The XLSMPOPTS Environment Variable

The XLSMPOPTS environment variable allows you to specify options that affect SMP execution.

You can declare XLSMPOPTS by using the following ksh command format:

                      .-:------------------------------------------.
                      V                                            |
>>-XLSMPOPTS=--+---+----runtime_option_name--=----option_setting---+--+---+-><
               '-"-'                                                  '-"-'

You can specify option names and settings in uppercase or lowercase. You can add blanks before and after the colons and equal signs to improve readability. However, if the XLSMPOPTS option string contains imbedded blanks, you must enclose the entire option string in double quotation marks (").

You can specify the following run-time options with the XLSMPOPTS environment variable:

schedule

Selects the scheduling type and chunk size to be used as the default at run time. The scheduling type that you specify will only be used for loops that were not already marked with a scheduling type at compilation time.

Work is assigned to threads in a different manner, depending on the scheduling type and chunk size used. A brief description of the scheduling types and their influence on how work is assigned follows:

dynamic or guided

The run-time library dynamically schedules parallel work for threads on a "first-come, first-do" basis. "Chunks" of the remaining work are assigned to available threads until all work has been assigned. Work is not assigned to threads that are asleep.

static

Chunks of work are assigned to the threads in a "round-robin" fashion. Work is assigned to all threads, both active and asleep. The system must activate sleeping threads in order for them to complete their assigned work.

affinity

The run-time library performs an initial division of the iterations into number_of_threads partitions. The number of iterations that these partitions contain is:

   CEILING(number_of_iterations / number_of_threads)

These partitions are then assigned to each of the threads. It is these partitions that are then subdivided into chunks of iterations. If a thread is asleep, the threads that are active will complete their assigned partition of work.
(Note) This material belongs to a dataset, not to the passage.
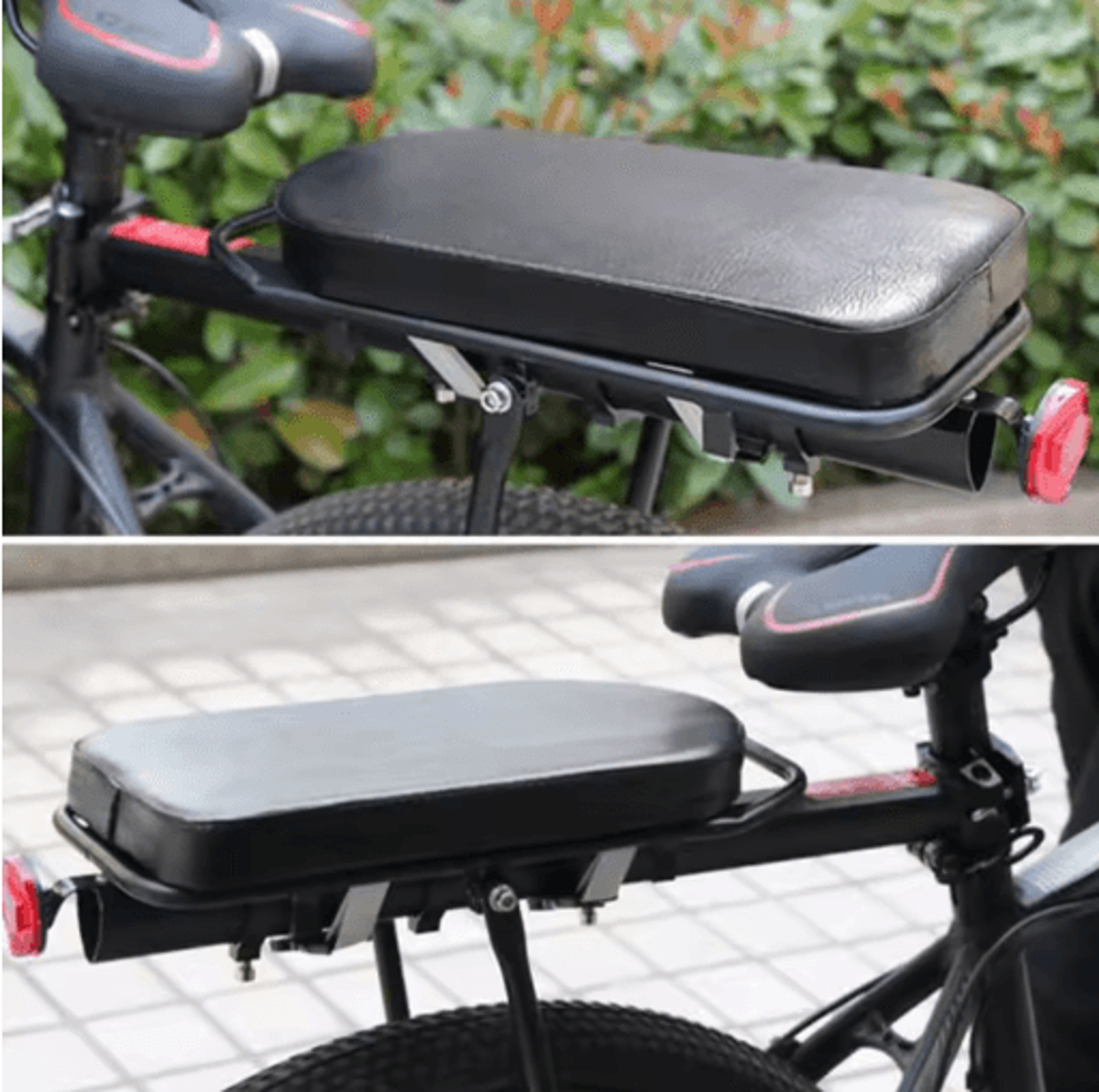 RideComfort Rear Bike Seat Cushion Set Passenger Backrest  Foot Pedal Kit 6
Choosing chunking granularity is a tradeoff between overhead and load balancing. The syntax for this option is schedule=suboption, where the suboptions are defined as follows:

affinity[=n]: As described previously, the iterations of a loop are initially divided into partitions, which are then preassigned to the threads. Each of these partitions is then further subdivided into chunks that contain n iterations. If you have not specified n, a chunk consists of CEILING(number_of_iterations_remaining_in_local_partition / 2) loop iterations.
When a thread becomes available, it takes the next chunk from its preassigned partition. If there are no more chunks in that partition, the thread takes the next available chunk from a partition preassigned to another thread.
dynamic[=n]: The iterations of a loop are divided into chunks that contain n iterations each. If you have not specified n, a chunk consists of CEILING(number_of_iterations / number_of_threads) iterations.
guided[=n]: The iterations of a loop are divided into progressively smaller chunks until a minimum chunk size of n loop iterations is reached. If you have not specified n, the default value for n is 1 iteration.
The first chunk contains CEILING(number_of_iterations / number_of_threads) iterations. Subsequent chunks consist of CEILING(number_of_iterations_remaining / number_of_threads) iterations.
static[=n]: The iterations of a loop are divided into chunks that contain n iterations. Threads are assigned chunks in a "round-robin" fashion. This is known as block cyclic scheduling. If the value of n is 1, the scheduling type is specifically referred to as cyclic scheduling.
If you have not specified n, the chunks will contain CEILING(number_of_iterations / number_of_threads) iterations. Each thread is assigned one of these chunks. This is known as block scheduling.

If you have not specified schedule, the default is set to schedule=static, resulting in block scheduling.

Related Information:: For more information, see the description of the SCHEDULE directive in the XL Fortran for AIX Language Reference.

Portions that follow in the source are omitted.